§ **Dataset records**
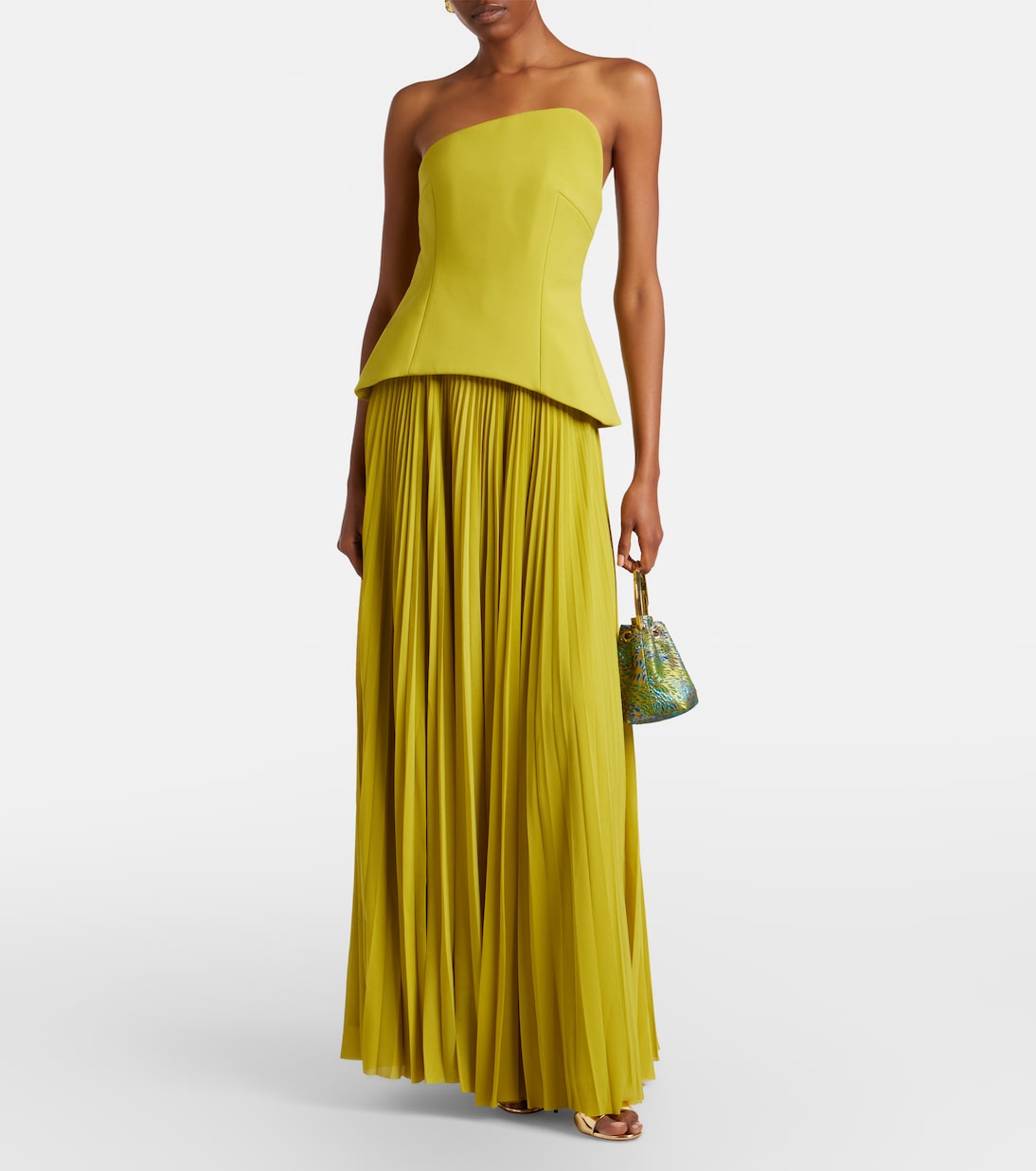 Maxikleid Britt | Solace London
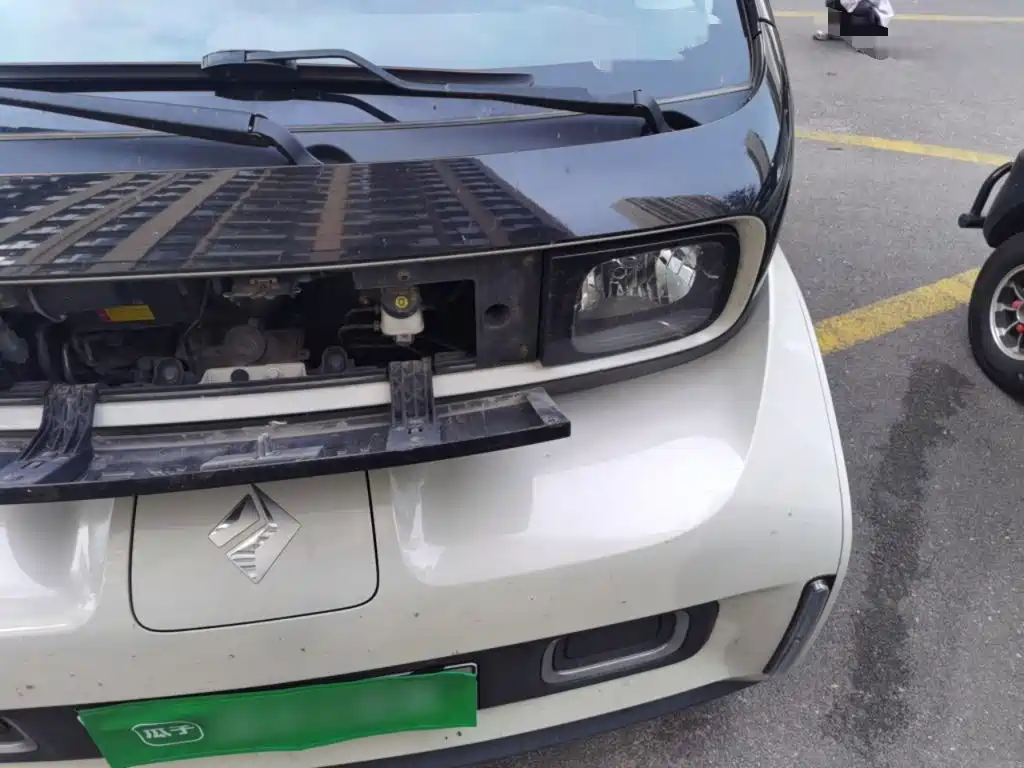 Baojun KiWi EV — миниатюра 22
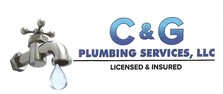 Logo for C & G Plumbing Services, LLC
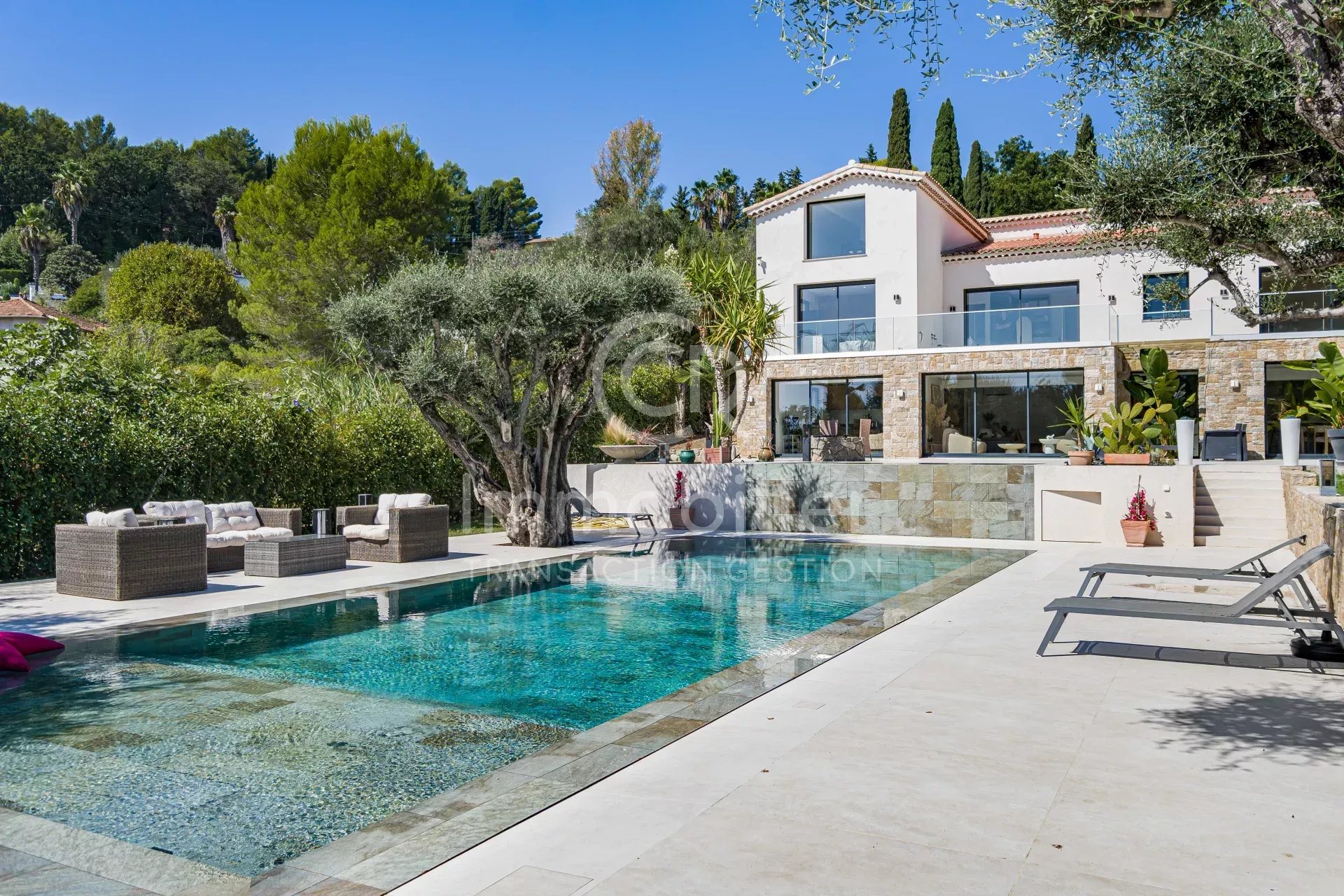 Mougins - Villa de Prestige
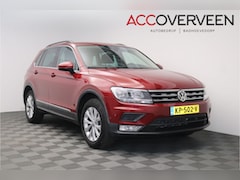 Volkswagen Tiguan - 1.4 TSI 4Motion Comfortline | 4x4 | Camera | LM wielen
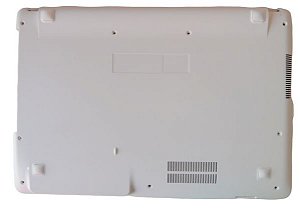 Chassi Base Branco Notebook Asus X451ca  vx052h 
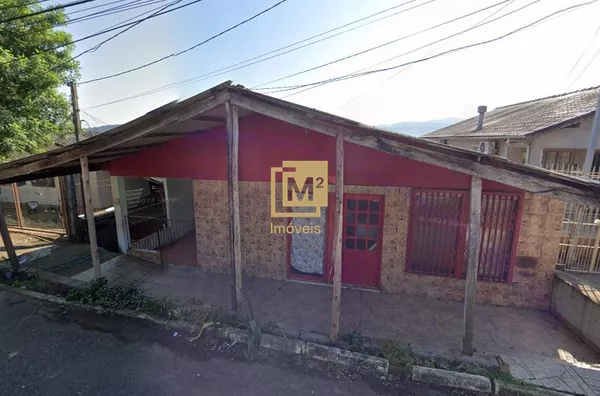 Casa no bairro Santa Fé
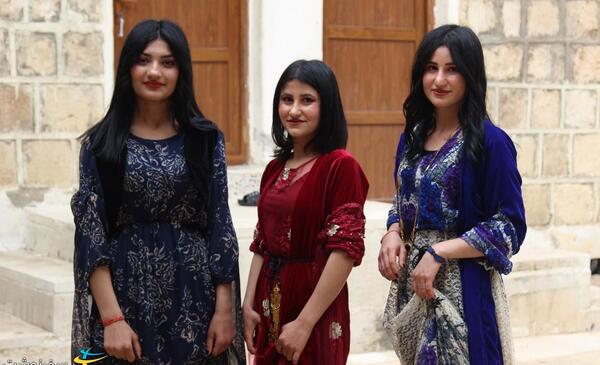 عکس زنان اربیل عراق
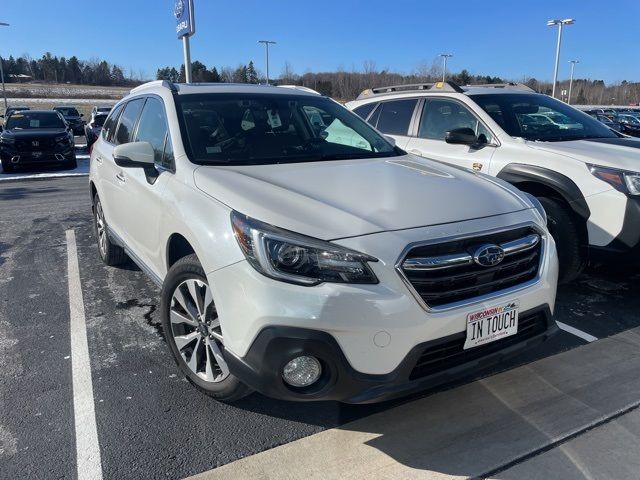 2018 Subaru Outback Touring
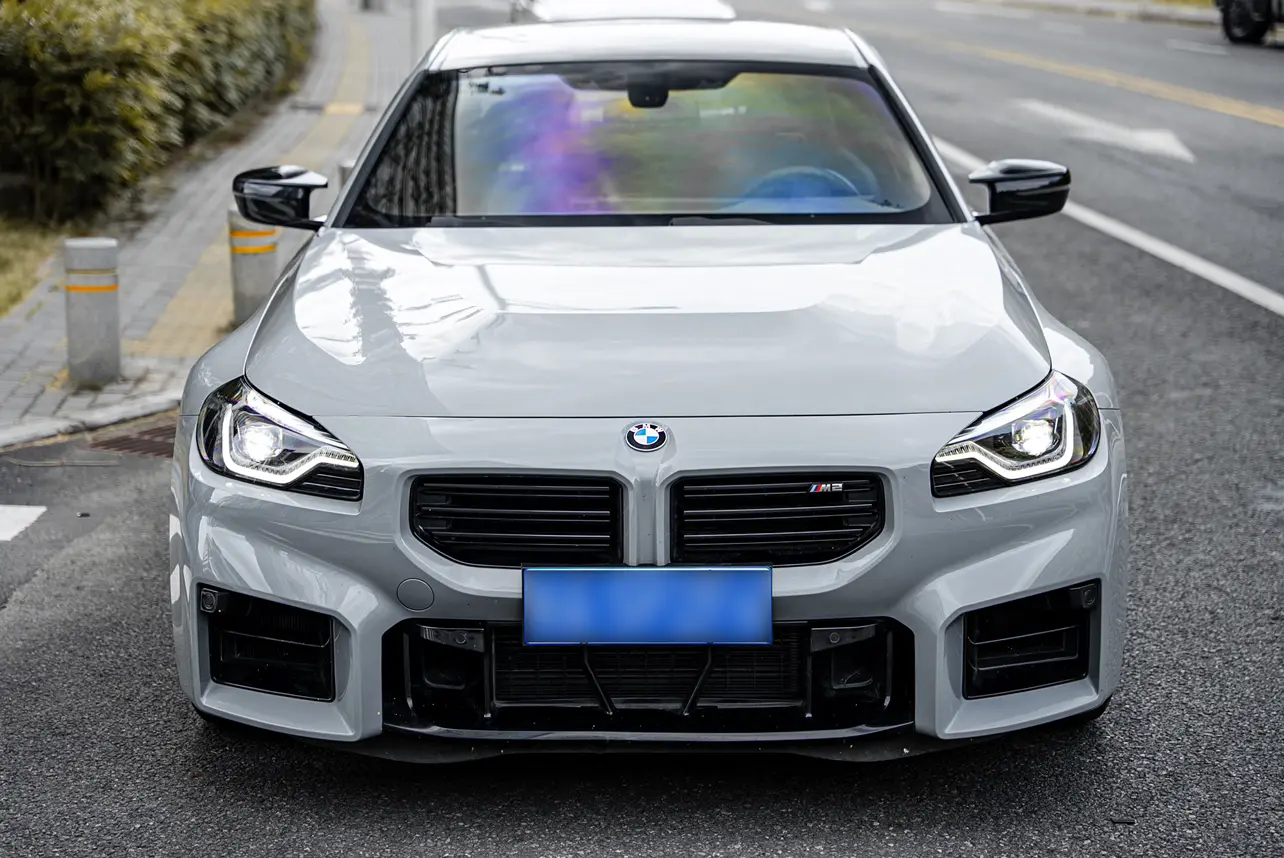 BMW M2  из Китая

§ **Assignment**
Output the material above word for word. Leave out its images.

§ **Answer section**
 Maxikleid Britt | Solace London
 Baojun KiWi EV — миниатюра 22
 Logo for C & G Plumbing Services, LLC
 Mougins - Villa de Prestige
 Volkswagen Tiguan - 1.4 TSI 4Motion Comfortline | 4x4 | Camera | LM wielen
 Chassi Base Branco Notebook Asus X451ca  vx052h 
 Casa no bairro Santa Fé
 عکس زنان اربیل عراق
 2018 Subaru Outback Touring
 BMW M2  из Китая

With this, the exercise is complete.